When punitive damages are to be awarded, the trier of fact is to assess
“evidence regarding what amount of damages will be sufficient to deter, penalize, or
punish the defendant in light of the circumstances of the case.” OCGA §
51-12-5.1(d)(2). Indeed, “punitive damages may be awarded even when actual
damages are small.” Tyler, 272 Ga. at 121 (1). Thus, “[t]he proper amount of punitive
damages is based on the enlightened conscience of the trier of fact, and on appeal, an
award will not be disturbed unless it is so excessive or inadequate as to shock the
7 judicial conscience to the degree that a judgment entered thereon constitutes an error
of law.” Cotto Law Group, LLC v. Benevidez, 362 Ga. App. 850, 858 (2) (870 SE2d
472) (2022) (citation modified). See also Thakkar v. Parikh, 375 Ga. App. 621, 630 (3)

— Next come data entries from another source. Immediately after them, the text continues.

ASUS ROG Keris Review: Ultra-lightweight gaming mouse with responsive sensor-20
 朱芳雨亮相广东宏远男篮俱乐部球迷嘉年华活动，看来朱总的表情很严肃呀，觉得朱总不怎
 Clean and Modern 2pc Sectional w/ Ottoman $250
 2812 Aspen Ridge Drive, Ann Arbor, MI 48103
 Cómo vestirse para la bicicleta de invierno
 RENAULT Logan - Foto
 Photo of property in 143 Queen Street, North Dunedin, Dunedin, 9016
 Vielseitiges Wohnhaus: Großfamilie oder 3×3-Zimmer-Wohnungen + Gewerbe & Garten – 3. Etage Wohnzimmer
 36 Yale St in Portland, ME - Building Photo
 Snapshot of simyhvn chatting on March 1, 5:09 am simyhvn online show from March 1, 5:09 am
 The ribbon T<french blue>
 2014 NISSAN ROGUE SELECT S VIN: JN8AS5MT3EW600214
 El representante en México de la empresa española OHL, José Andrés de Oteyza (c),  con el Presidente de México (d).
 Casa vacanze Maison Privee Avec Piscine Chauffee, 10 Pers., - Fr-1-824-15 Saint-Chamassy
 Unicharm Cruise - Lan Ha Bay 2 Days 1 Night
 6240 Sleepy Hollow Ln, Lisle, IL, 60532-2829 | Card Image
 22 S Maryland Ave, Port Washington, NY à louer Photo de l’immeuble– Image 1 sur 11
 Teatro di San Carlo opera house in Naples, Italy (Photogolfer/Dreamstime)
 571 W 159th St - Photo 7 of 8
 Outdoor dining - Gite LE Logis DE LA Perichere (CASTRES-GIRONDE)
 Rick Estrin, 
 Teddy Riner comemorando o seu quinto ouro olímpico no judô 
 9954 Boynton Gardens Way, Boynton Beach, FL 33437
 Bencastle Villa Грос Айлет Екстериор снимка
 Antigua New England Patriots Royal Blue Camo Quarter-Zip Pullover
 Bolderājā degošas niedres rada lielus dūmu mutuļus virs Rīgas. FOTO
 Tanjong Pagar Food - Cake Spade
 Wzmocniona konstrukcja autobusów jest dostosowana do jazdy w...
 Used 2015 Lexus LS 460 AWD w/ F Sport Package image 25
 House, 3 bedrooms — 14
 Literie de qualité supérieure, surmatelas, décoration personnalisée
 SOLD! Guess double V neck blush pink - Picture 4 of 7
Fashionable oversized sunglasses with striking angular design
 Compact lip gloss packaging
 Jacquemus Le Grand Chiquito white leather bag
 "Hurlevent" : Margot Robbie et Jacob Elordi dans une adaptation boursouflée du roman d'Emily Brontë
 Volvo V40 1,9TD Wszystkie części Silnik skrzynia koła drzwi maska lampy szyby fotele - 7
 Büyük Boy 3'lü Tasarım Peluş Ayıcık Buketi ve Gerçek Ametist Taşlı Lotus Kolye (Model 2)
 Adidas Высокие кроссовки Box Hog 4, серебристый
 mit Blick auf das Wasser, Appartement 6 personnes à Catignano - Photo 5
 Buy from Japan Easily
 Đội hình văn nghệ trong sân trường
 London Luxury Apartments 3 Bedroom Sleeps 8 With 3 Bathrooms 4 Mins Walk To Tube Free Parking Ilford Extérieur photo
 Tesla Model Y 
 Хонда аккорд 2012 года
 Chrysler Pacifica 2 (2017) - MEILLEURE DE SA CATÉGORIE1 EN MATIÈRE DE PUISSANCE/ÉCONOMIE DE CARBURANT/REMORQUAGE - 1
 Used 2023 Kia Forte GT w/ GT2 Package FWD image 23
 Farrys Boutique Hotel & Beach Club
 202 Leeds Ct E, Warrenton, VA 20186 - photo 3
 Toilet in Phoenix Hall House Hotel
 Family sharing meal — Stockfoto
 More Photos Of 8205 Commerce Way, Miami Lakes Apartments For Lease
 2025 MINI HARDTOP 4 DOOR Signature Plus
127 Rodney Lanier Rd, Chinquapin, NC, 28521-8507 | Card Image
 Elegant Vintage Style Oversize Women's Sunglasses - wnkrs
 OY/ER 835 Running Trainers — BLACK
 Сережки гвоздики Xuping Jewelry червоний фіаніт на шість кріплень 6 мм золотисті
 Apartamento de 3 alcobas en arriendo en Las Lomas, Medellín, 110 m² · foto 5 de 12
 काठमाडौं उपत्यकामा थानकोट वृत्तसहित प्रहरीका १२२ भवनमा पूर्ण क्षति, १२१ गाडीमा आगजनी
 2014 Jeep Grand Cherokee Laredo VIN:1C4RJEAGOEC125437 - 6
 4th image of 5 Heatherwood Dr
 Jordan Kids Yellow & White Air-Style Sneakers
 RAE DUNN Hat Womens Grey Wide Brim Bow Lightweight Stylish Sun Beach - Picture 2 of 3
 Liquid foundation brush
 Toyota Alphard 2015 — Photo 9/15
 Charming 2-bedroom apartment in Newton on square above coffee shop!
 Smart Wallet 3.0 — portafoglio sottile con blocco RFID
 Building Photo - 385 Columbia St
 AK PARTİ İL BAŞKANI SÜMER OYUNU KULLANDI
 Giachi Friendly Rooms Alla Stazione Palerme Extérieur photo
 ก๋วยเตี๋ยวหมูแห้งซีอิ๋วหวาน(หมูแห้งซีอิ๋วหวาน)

(d) (917 SE2d 193) (2025) (vacating $65,000,000 punitive damages award after
addressing whether the award was grossly excessive in violation of “the Due Process
Clause of the Fourteenth Amendment of the United States Constitution [or] Georgia
law.”); Time Warner Ent. Co. v. Six Flags Over Ga., 254 Ga. App. 598, 599 (2) (a) (i)
(563 SE2d 178) (2002) (addressing the proper standard of review of a challenge to a
punitive damage award).
Ramey contends that the punitive damages award was not authorized in this
amount or under the facts because the Kimseys could not say how many people
trespassed on their side of the property, how frequently the trespassers came, or
whether those people were actually connected to Ramey; the Kimseys did not observe
where the trash or debris came from; and the injunction would be sufficient to prevent
any further intrusion onto the Kimsey’s side of the creek. He argues that the Kimseys
admitted that people have always visited the waterfall, that Raymond admitted that
it was a local resource, and that Ramey believed it was public. Citing Lightning v.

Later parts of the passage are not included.